In 1997, Reynolds and other cigarette-makers settled a landmark 1995 lawsuit with Florida for misleading the public about the health risks associated with smoking, requiring an initial amount of $750 million followed by annual payments based on their volume of tobacco sales in the state. That agreement came along with three others before the tobacco manufacturers finally reached a master settlement with the remaining 46 states in 1998.
When ITG bought Reynolds’ cigarette brands in 2015, the company automatically assumed liability under the terms of the master settlement, which requires transferees to take on the obligations of its predecessor. However, the prior settlements included no such provision and Florida has since been fighting to recover settlement funds from both companies.
ITG said in court documents that it is making payments to the three other states—Minnesota Mississippi and Texas—either under the terms of settlements or state statute.
Florida, meanwhile, sued Reynolds in the Florida Circuit Court for Palm Beach County. The state said it is owed approximately $45 million on sales of Winston, Salem, Kool and Maverick brand cigarettes since the deal’s closing, plus an estimated $30 million per year going forward, based on current revenues. Earlier this year, Florida filed a motion to join ITG as a defendant in the case.
ITG responded by following its Delaware lawsuit earlier this year, seeking to prevent Reynolds from pursuing any claims in Florida based on an exclusive forum provision in the companies’ asset purchase agreement, which is governed by Delaware law.

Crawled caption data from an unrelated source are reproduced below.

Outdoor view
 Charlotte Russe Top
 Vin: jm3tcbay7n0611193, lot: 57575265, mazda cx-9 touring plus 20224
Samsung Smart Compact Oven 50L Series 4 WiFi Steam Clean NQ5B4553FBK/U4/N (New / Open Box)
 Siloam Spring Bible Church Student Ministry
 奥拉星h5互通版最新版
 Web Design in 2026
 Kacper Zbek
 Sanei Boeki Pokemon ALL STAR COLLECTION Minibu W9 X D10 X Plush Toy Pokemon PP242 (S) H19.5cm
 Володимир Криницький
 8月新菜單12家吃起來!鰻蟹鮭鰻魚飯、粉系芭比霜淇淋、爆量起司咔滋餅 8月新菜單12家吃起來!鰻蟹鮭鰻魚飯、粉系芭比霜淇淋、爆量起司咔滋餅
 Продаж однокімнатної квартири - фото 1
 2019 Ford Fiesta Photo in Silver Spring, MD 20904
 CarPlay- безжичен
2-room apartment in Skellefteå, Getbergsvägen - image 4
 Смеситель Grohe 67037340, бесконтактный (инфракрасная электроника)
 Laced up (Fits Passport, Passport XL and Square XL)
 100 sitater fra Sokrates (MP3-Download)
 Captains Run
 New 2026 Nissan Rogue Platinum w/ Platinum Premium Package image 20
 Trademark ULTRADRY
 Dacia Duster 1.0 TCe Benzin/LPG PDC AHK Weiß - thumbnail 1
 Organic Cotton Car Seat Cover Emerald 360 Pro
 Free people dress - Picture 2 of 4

In May, ITG asked Bouchard to rule that any obligation it had to join the Florida settlement had expired at the closing of its deal with Reynolds. The issue was not expected to be raised in the Florida case.
Bouchard’s decision turned on the last four words of a key provision in the asset purchase agreement, which requires ITG to use its “reasonable best efforts” to reach agreements with the states outside of the master settlement “on the same basis as the settling defendants prior to the closing.”
ITG argued that the phrase limited its obligation to only the time leading up to the deal’s closing. Reynolds, on the other hand, said it defined ITG’s duties as the same that it had carried out with the states “prior to the closing” and imposed no end-date on ITG’s obligation to reach an agreement.
On Thursday, Bouchard said that only Reynolds’ interpretation was reasonable under the plain language of the contract.
“When ITG Brands assumes the obligations of the settling defendants, it will step into the shoes that Reynolds Tobacco occupied prior to the closing,” he wrote. “Thus, the phrase ‘prior to the closing’ is a time reference that adds precision to the nature of the obligations that ITG Brands agreed to use its reasonable best efforts to assume with each of the previously settled states.”
Peter J. Biersteker, an attorney for Reynolds said he was “gratified” by the ruling and believed it was the correct result.
An attorney for ITG was not immediately available to comment on Thursday.
The Delaware case is captioned ITG Brands v. Reynolds.